I little while ago I did a few reviews on The History of Sexuality by Michel Foucault. For those of you who remember, Foucault argues that a lot of our history of sexuality is formed around a history of ‘confession’. As I said in the second review:

“In the Western World however, scientia sexualis is focused around the method of confession. Foucault argues that since the Middle Ages, confession has been a major tool used in the West as a means to reveal the ‘truth’. This ritual of discourse is one which unfolds in a very distinct power relationship, one in which the confessor has some authority above them that requires the confession. The confession however, also provides a sense of purification for the confessor – it absolves them of their sins. In that sense therefore, confession is a bottom-up process – one in which the confessor is the instigator through coming to the confessional booth.”

In the latest version of the Overland Journal Fiona Capp looks at our culture of confession, it’s history, and where it sits in the modern world. Capp goes through an interesting historical analysis of the use of confession, covering Salinger, Foucault, and the works of Rousseau and his piece ‘The Confession’. What I thought was interesting about her piece though is how this connects to the modern world.

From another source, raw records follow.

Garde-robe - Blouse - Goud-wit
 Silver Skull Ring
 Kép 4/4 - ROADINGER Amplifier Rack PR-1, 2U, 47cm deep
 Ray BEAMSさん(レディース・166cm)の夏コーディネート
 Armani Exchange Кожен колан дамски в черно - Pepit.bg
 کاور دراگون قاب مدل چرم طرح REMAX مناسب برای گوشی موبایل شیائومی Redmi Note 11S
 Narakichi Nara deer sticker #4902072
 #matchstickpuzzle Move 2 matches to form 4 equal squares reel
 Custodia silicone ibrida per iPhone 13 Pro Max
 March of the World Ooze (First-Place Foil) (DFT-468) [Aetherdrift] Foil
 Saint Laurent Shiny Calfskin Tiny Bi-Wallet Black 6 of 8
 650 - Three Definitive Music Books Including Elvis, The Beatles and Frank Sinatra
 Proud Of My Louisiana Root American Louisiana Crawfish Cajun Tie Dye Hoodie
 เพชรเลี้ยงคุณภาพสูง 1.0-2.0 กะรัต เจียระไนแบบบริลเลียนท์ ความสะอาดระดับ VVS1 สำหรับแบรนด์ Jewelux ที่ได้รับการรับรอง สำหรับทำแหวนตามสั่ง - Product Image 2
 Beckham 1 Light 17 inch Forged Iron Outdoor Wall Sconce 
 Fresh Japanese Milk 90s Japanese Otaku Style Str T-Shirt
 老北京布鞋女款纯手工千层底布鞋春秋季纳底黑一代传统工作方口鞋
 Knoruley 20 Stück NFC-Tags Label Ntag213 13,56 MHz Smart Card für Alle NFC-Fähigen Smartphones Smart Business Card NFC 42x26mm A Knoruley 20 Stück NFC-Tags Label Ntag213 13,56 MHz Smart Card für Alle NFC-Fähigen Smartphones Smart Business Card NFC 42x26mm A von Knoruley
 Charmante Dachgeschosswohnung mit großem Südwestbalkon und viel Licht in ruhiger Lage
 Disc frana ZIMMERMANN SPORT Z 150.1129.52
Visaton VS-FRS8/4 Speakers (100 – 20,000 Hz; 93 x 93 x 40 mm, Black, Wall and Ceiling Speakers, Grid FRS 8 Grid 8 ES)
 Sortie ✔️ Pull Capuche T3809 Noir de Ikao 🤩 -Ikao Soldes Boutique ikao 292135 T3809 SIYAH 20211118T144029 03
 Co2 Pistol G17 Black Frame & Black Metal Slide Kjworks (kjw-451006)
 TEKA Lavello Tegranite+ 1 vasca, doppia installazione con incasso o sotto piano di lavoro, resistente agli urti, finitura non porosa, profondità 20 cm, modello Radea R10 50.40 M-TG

When we think about the art of confession, we would often think about the catholic church, and the art of the confessional as part of religious practice. In that sense, confession is an ancient tradition, something many of us would have very little connection with today. Capp argues however, that the culture of confession has just adapted to the modern world:

“In the twentieth century, psychoanalysis, with its concepts of repression, the unconscious and slips of the tongue, took over from the religious confession as the model for popular confessional culture: from Oprah Winfrey and game shows like The Moment of Truth (where contestants are tested on how honest their confessions are) to talk back radio and personal diaries posted on the Internet.”

This new reality of confessions opens up an interesting take on the power relations around confessionals. Historically, confessions have had a real power dynamic behind them – the church forces confessions to ensure someone can go to heaven, the state demands confessions to convict criminals etc. And whilst these forms of coercive confession still exist, they are being eclipsed by a new culture of confession, one in which we are all actively confessing our sins with no direct power forcing us to do so.

What’s interesting about this though, is that this new form of confession, brings with it its own power relations. Not only are we now placed in a social position that confession is seen as an important part of our life, but it also provides state and corporate power over our information, and the very things we are confessing. As Capp explains:

“The head of the Nazi Labour Office, Robert Ley, reportedly said that the only private individual was someone asleep. Although we are hardly witnessing invasions of privacy comparable to those perpetuated by the Nazis, the intrusions which our confessional culture sanctions (not to mention the intrusions of government and business into our affairs through CCTV surveillance and centralised collation of medical, financial and other personal records etc.) have become disturbingly all-pervasive.”

The modern confession retains its position as power-tool – one in which we all confess our ‘sins’ as a way of repentance and punishment. The difference now is that this power is being wielded when we’re not even realising it, and in fact we are voluntarily partaking in it. And that is the most effective form of power of all.